Die Deutsche Umwelthilfe (DUH) veröffentlichte daraufhin ein angeblich bisher von der Bundesregierung geheim gehaltenes Dokument der EU-Kommission, das Bedenken gegen den Gesetzentwurf anmeldet. Brüssel macht der Bundesregierung darin zur Auflage, die schnellstmögliche Einhaltung des NO2-Grenzwerts von 40 µg NO2/m³ durch Dieselfahrverbote weiter zu ermöglichen. Die Kommission sagt noch einmal, dass der bestehende Grenzwert nicht geändert werden dürfe. Die Kommission gesteht Deutschland allerdings einen Ermessensspielraum zu.

VKU: „Rechtssicherheit“

Mit der Novelle des Bundes-Immissionsschutzgesetzes sollen unverhältnismäßige Maßnahmen bei nur geringfügigen Grenzwertüberschreitungen im Automobilverkehr vermieden werden. Die neuen Regelungen schaffen die erforderliche Rechtssicherheit bezüglich Verkehrsverboten für Fahrzeuge mit einer geeigneten Hardware-Nachrüstung. Dazu gehören unter anderem nachgerüstete Busse und schwere Kommunalfahrzeuge. Dazu VKU-Hauptgeschäftsführerin Katherina Reiche: „Wir begrüßen es sehr, dass die Bundesregierung explizit Ausnahmen für nachgerüstete Fahrzeuge im kommunalen Fuhrpark geschaffen hat, damit diese den essenziellen Leistungen der Daseinsvorsorge wie der Müllabfuhr, der Straßenreinigung oder der Kanalreinigung nachgehen können.“

„Aufweichung des Grenzwerts wäre verfassungswidrig“

DUH-Bundesgeschäftsführer Jürgen Resch korrigierte, die Änderung des Luftreinhaltegesetzes solle den Eindruck erwecken, als könnten Dieselfahrverbote nur noch dort verordnet werden, wo ein erhöhter NO2-Wert von 50 µg/m³ gemessen worden sei. „Die bisher unter Verschluss gehaltene Stellungnahme der EU-Kommission ist eine schallende Ohrfeige für die Bundesregierung.
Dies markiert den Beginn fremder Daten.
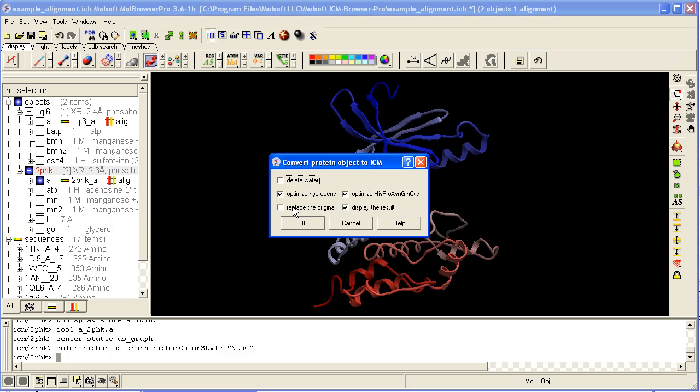Then there's an option to replace the original, just overwrite the X-ray file, or display the result.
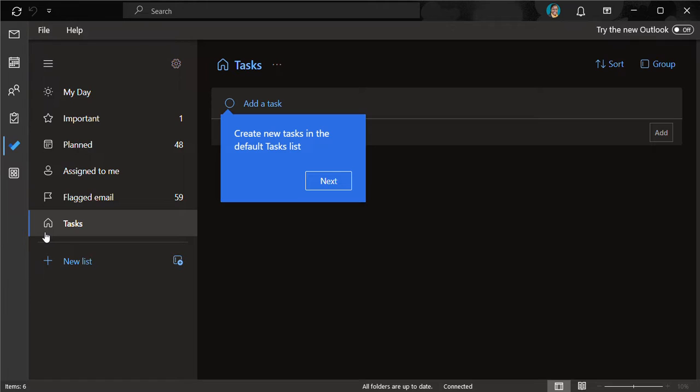Instead of always having to type the name of these people and even forgetting to add a particular person to the group, you can create a smart list whereby the names and the email of all these people will be in a single contact. That is the contact you are going to be using for sending emails to anyone you want.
Die EU hat nochmalige Änderungen des Gesetzestextes bewirkt und stellt unmissverständlich klar, dass der NO2-Grenzwert europaweit bei 40 µg NO2/m³ liegt und ohne Wenn und Aber schnellstmöglich einzuhalten ist, dort wo notwendig ausdrücklich auch durch Dieselfahrverbote. Eine Aufweichung des Grenzwerts wäre gar verfassungswidrig. Dieselfahrverbote bleiben weiterhin die letzte mögliche und auch verhältnismäßige Maßnahme für die saubere Luft, auch in Städten, die eine Belastung mit bis zu 50 µg NO2/m³ aufweisen. So sehr sich die Bundesregierung auch sträubt – das Unionsrecht hat Vorrang und die Verhältnismäßigkeit von Dieselfahrverboten hat das Bundesverwaltungsgericht in seinem Urteil im Februar 2018 eindeutig klargestellt.“

Zwischenbericht mit Vorschlägen Ende März – BDBe fordert baldige Anhebung der Treibhausgas-Minderungsquote

Ein Zwischenbericht mit Vorschlägen zum Klimaschutz im Verkehr soll Ende des Monats vorliegen. Die Arbeitsgruppe dazu hat bisher neun Mal getagt. Wirbel hatte dabei ausgelöst, dass intern auch das Thema Tempolimit auf Autobahnen besprochen werden sollte, dem hatte Verkehrsminister Scheuer schon vorab eine klare Absage erteilt. Die einzelnen Sektoren-Ziele für weniger CO2 will Bundesumweltministerin Svenja Schulze (SPD) in ihrem geplanten Klimaschutzgesetz derzeit gegen den Widerstand der Union verbindlich verankern.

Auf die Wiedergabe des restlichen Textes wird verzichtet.